▸ **TASK TO CARRY OUT**
Could every line of the listing be output exactly, with the pictures skipped?

• • • • •

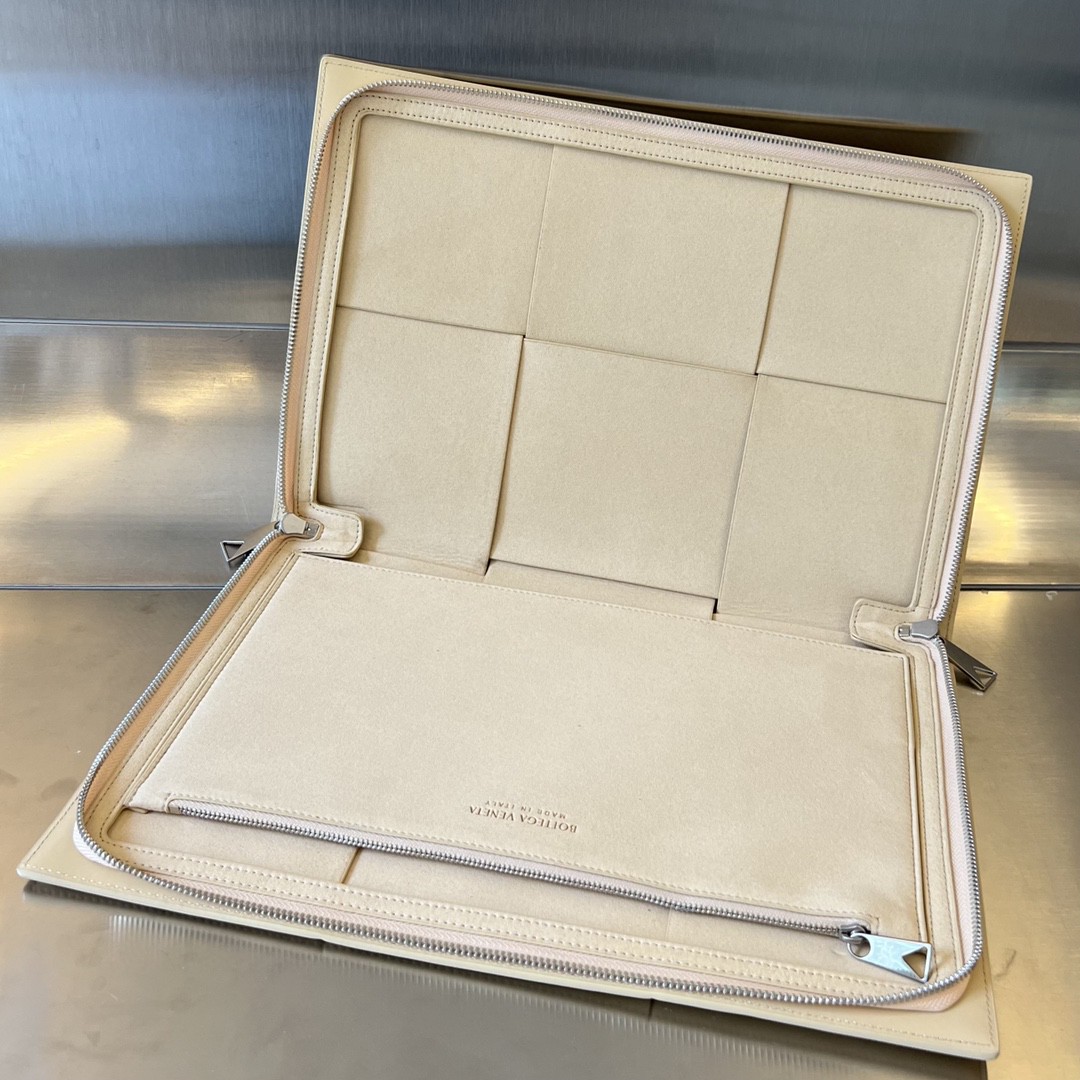 bo*te*ga Ve*ne*ta bv arco document case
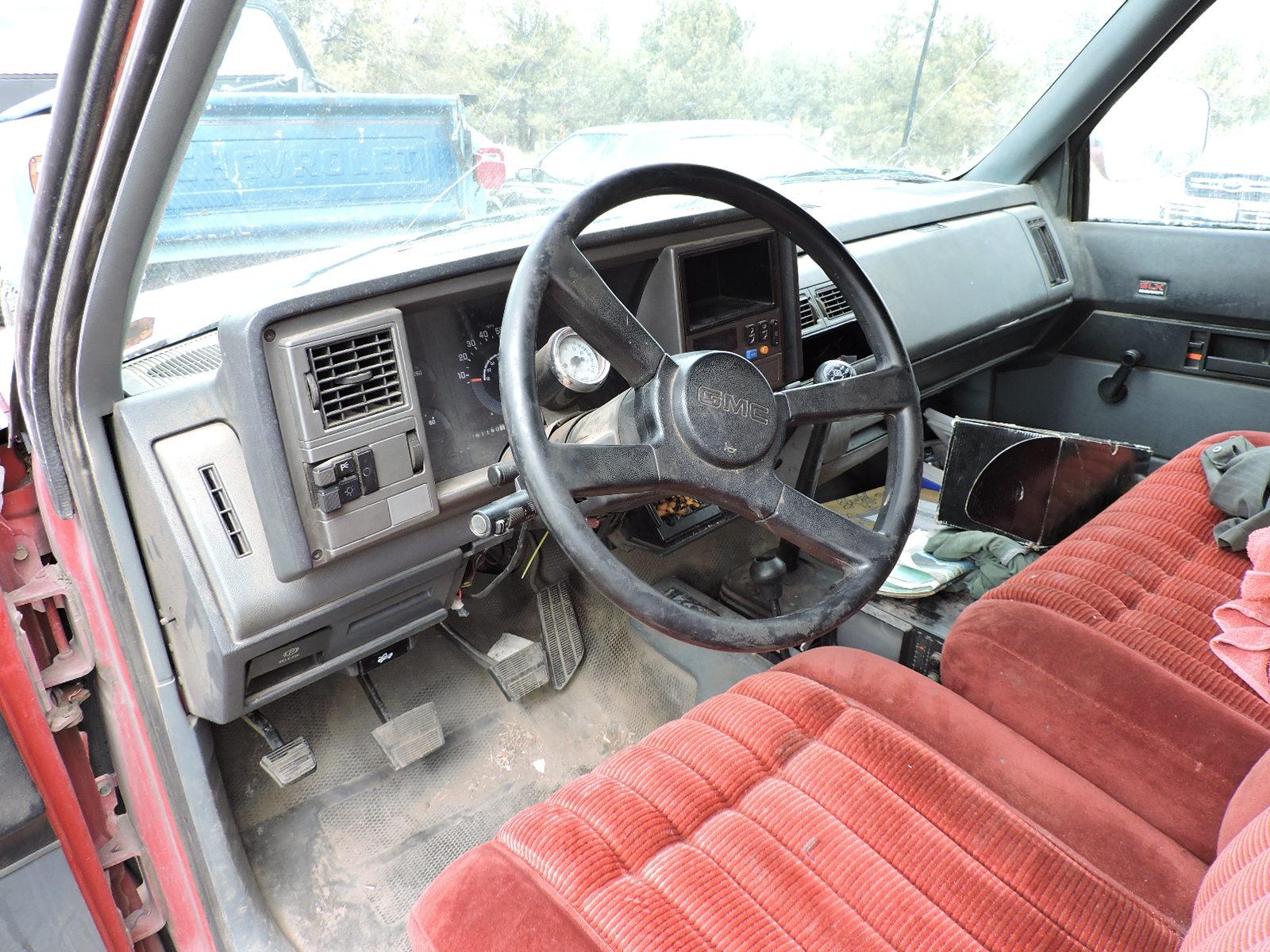 1989 GMC Sierra 1500 Regular-Cab Short-Bed Pickup / 4X4 with Manual Trans.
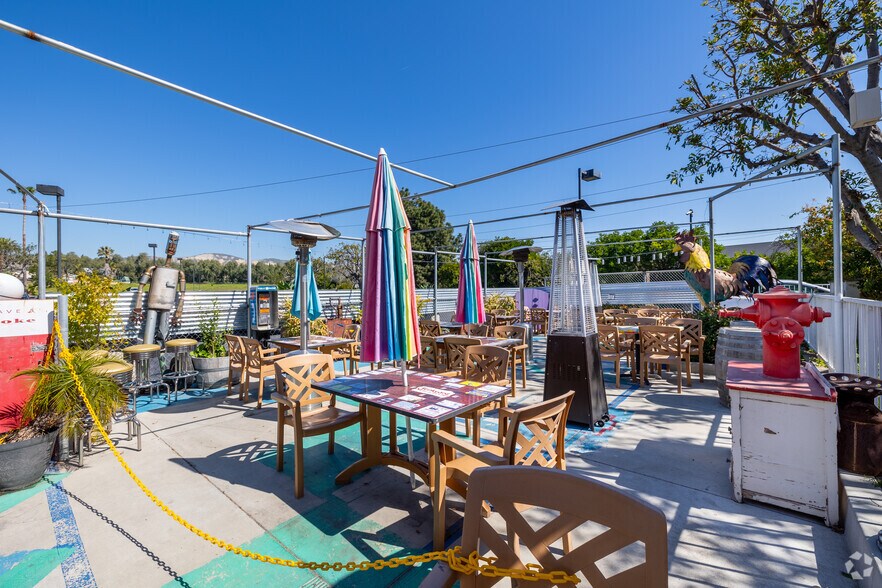 More Photos Of 2585 Cochran St, Simi Valley Unknown For Sale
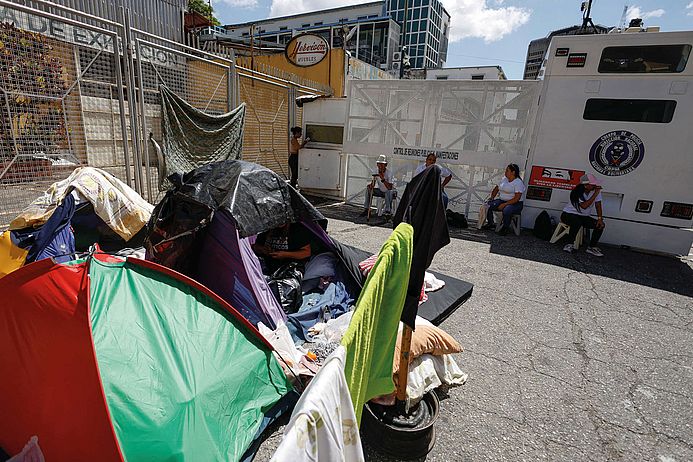 Nachdem Interimspräsidentin Delcy Rodríguez eine Amnestie angekündigt hat, hoffen Angehörige von Gefangenen vor einer Polizeistation in Caracas auf deren Freilassung.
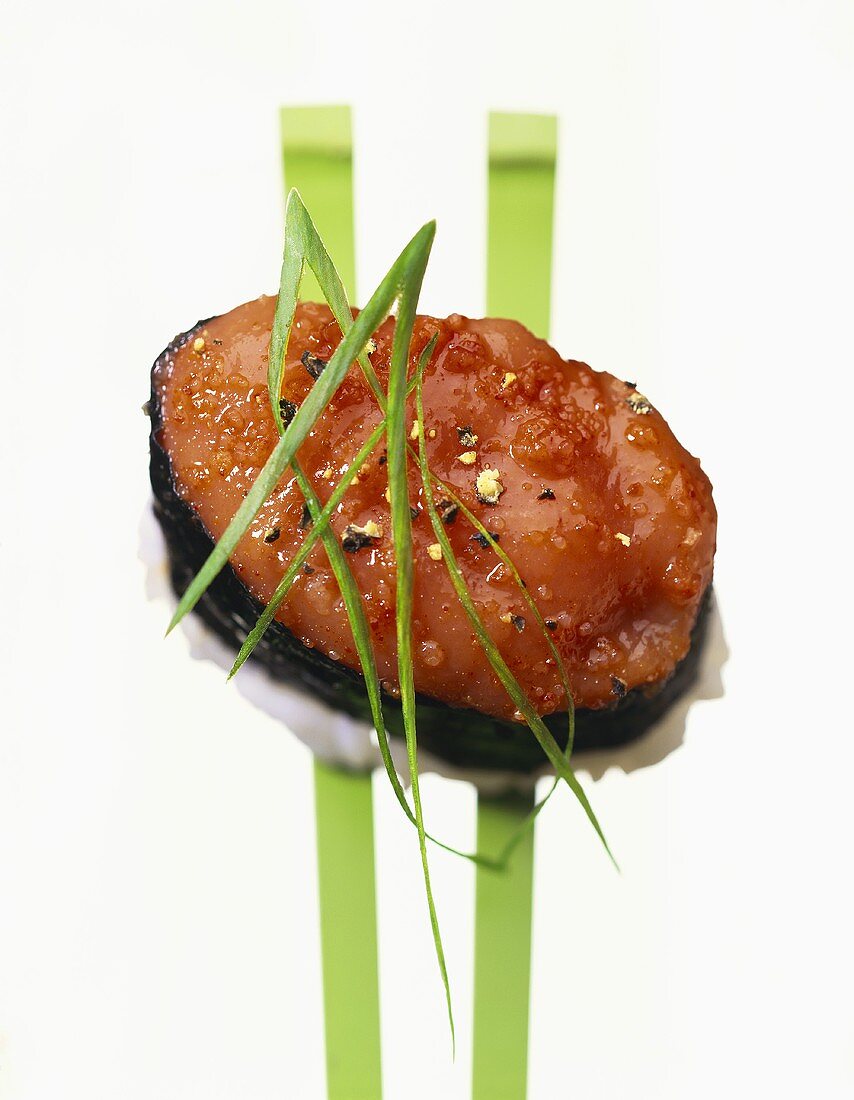 Uni Nigiri (Sushi mit Seeigelrogen, Schnittlauch, Pfeffer)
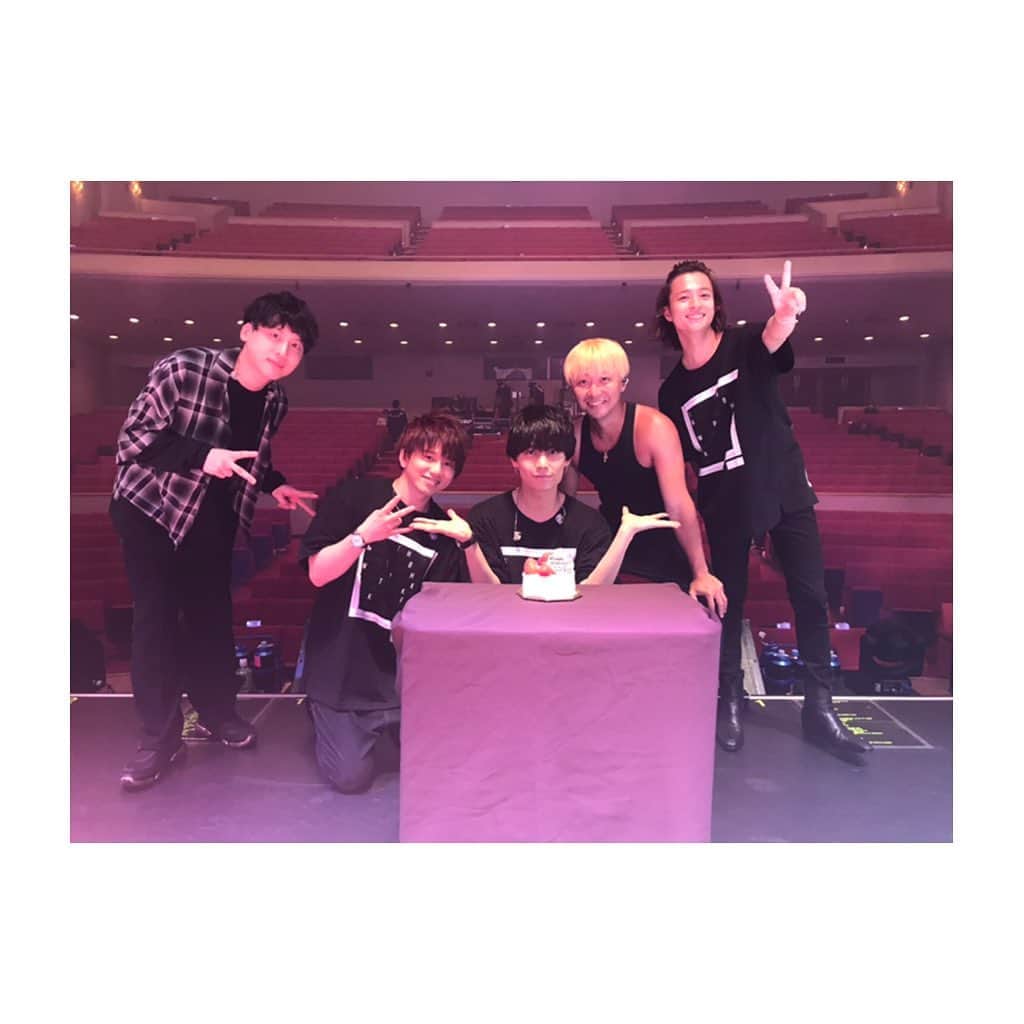 のインスタグラム：「#thankyou #平津mgチョイスの #🎂 #小さすぎだろ😂」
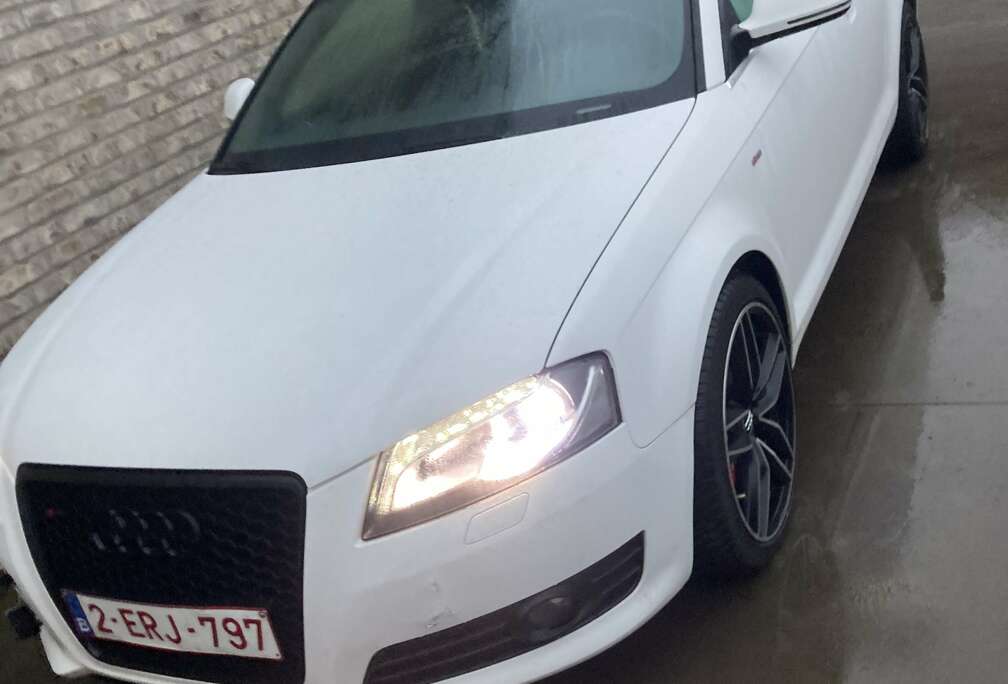 Audi Cabriolet 2.0 TDi Ambition S line DPF tron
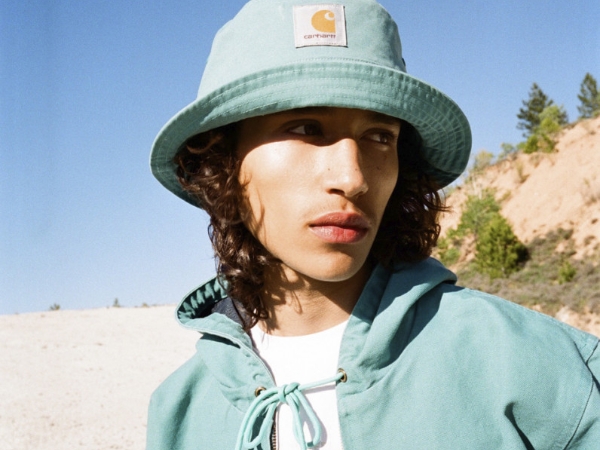 〔春搭良品〕工裝也能大玩「春意」！Carhartt WIP 2018 春夏目錄「繽紛」登場！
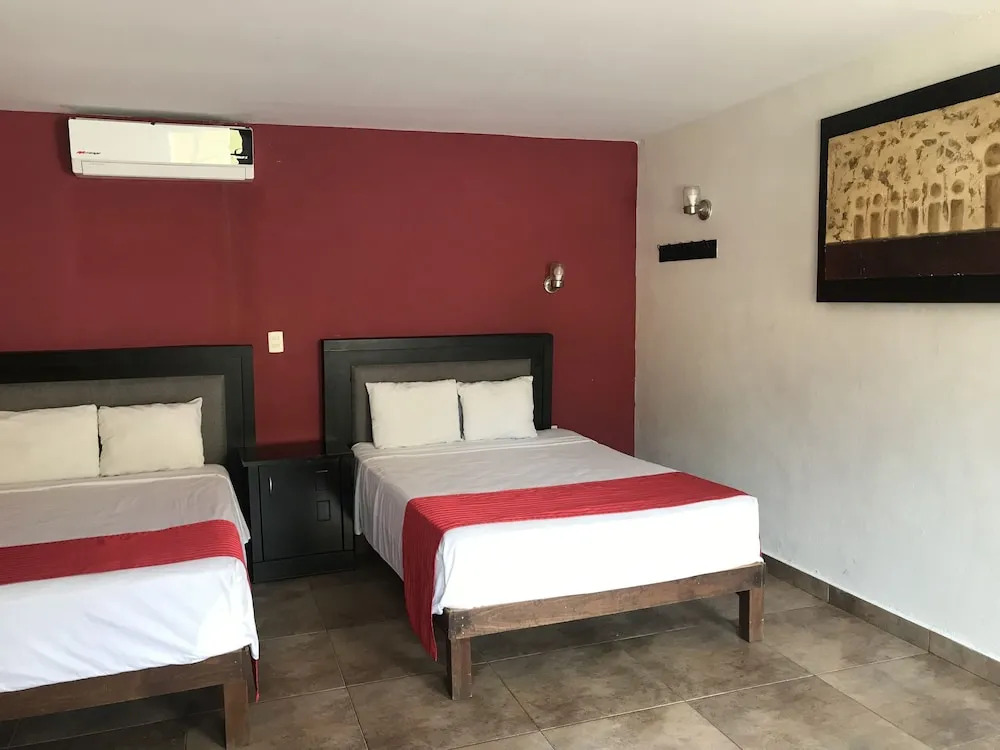 Hotel Montroi City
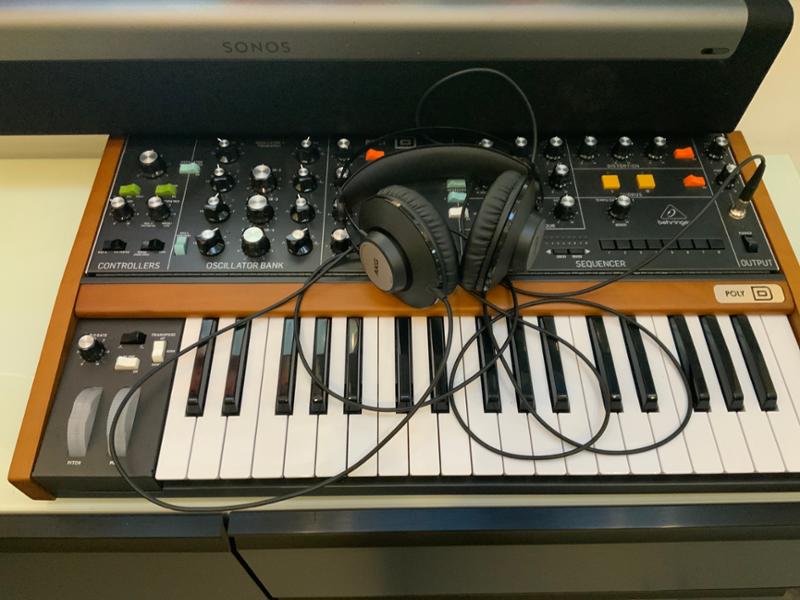 Behringer Poly D Analogue 4-Voice Polyphonic Synthesizer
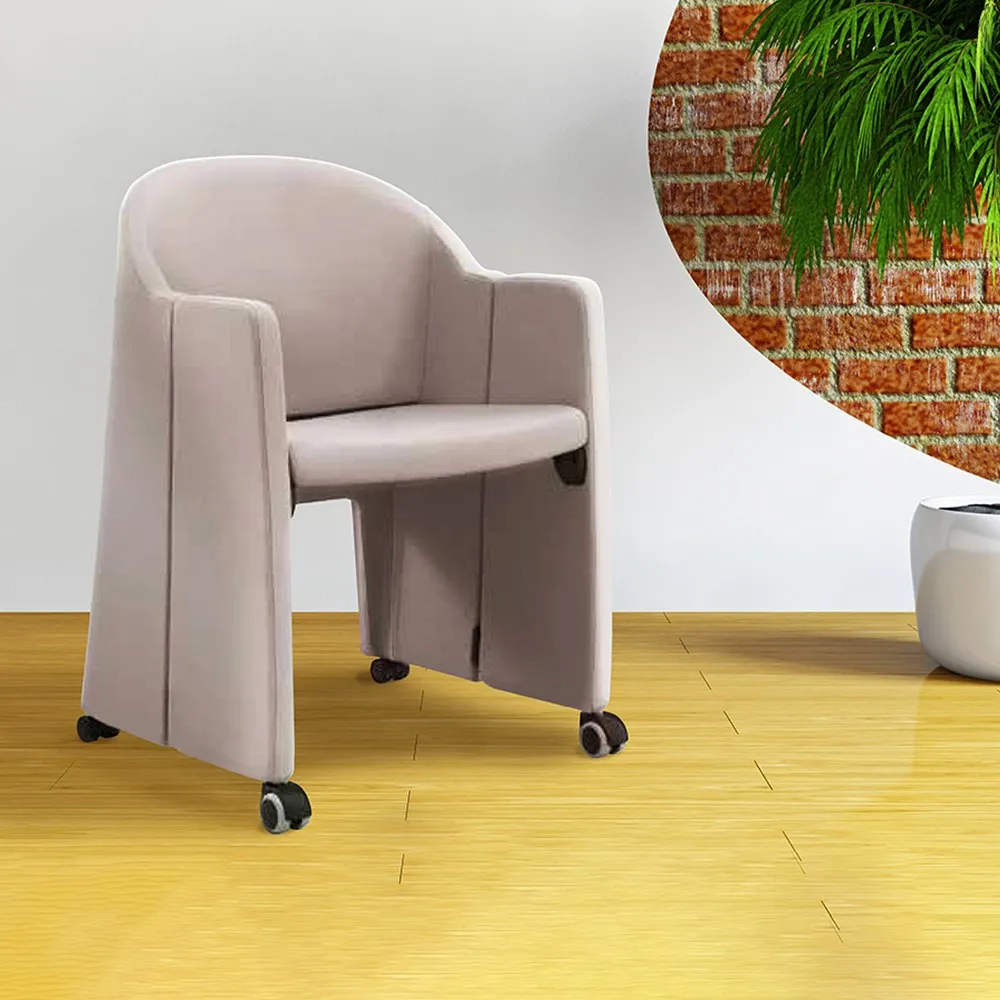 Poltroncina pieghevole Square Compir grigio tortora su ruote in un ambiente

• • • • •

▸ **RESPONSE**
 bo*te*ga Ve*ne*ta bv arco document case
 1989 GMC Sierra 1500 Regular-Cab Short-Bed Pickup / 4X4 with Manual Trans.
 More Photos Of 2585 Cochran St, Simi Valley Unknown For Sale
 Nachdem Interimspräsidentin Delcy Rodríguez eine Amnestie angekündigt hat, hoffen Angehörige von Gefangenen vor einer Polizeistation in Caracas auf deren Freilassung.
 Uni Nigiri (Sushi mit Seeigelrogen, Schnittlauch, Pfeffer)
 のインスタグラム：「#thankyou #平津mgチョイスの #🎂 #小さすぎだろ😂」
 Audi Cabriolet 2.0 TDi Ambition S line DPF tron
 〔春搭良品〕工裝也能大玩「春意」！Carhartt WIP 2018 春夏目錄「繽紛」登場！
 Hotel Montroi City
 Behringer Poly D Analogue 4-Voice Polyphonic Synthesizer
 Poltroncina pieghevole Square Compir grigio tortora su ruote in un ambiente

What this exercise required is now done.